Heirs

Fowl

Denovali Records 2010

The debut album from Australia's post-doomers Heirs is a thing of brooding grace.  Introspective accents accompany a clockwork pulsing of bass guitar on album opener Dust.  It's an unimposing, yet captivating piece of contemplative music.  That is until the 3:52 mark when a lumbering wall of tremulous guitar rises steeply from the Assembly line-like precision of the bassline.  Sorrowful notes float across the roapiest bass guitar I have ever heard on the title track.  Industrial beats and samples create a deserted factory soundscape.  Raw, scraping guitars add ominous textures to the track building towards a cacophony of piercing sounds creating a sense of claustraphobia.  Burrow however drops things back to clean solitary guitar and an urgent beat.  Haunting female voices hover like shadowy ghosts until it all explodes into an imposing shard of wavering guitar and pounding drums.  A beat, like a giant machine, punctuates the flowing melody of Tyrant.  The song then leaps into huge massive industrial riffs that bring to mind Godflesh's Streetcleaner album.
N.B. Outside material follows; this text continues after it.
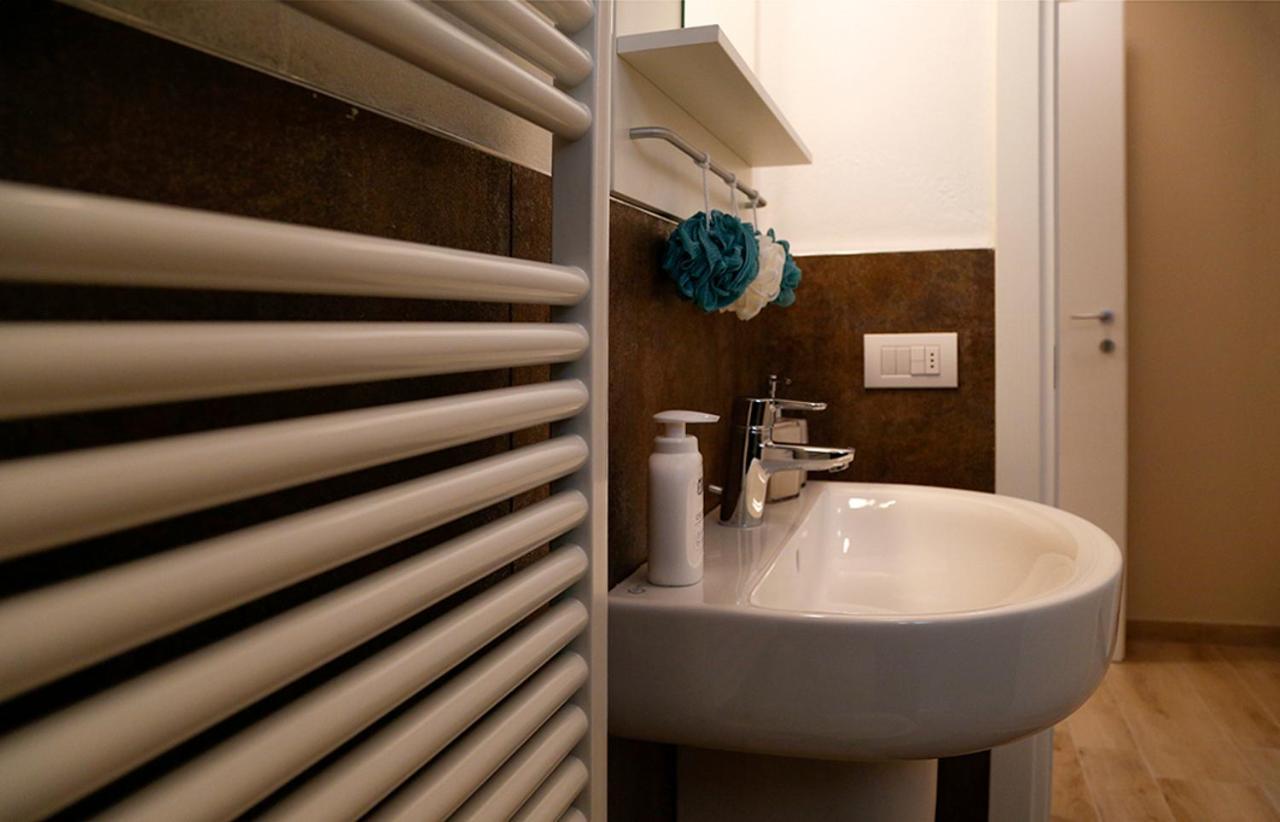 C.A.V. B&B Curiel20 San Donato Milanese Exterior foto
Then the cycle repeats until the song's conclusion.  My favorite song is the dreamlike Mother.  It has a cool, jazzy beat and a hard bassline that accompany nostalgic guitars that hypnotize with their circular patterns.  The song's density escalates with shards of dissonance rising and then suddenly collapsing back in on themselves.  Fowl is an album that works around an industrial core comprised of precise beats and walls of discordant sound.  These are punctuated by calm and melancholic guitar compositions that leave the listener in a state of sorrowful contemplation.  Despite its mechanical touches, this album appeals on an emotional level.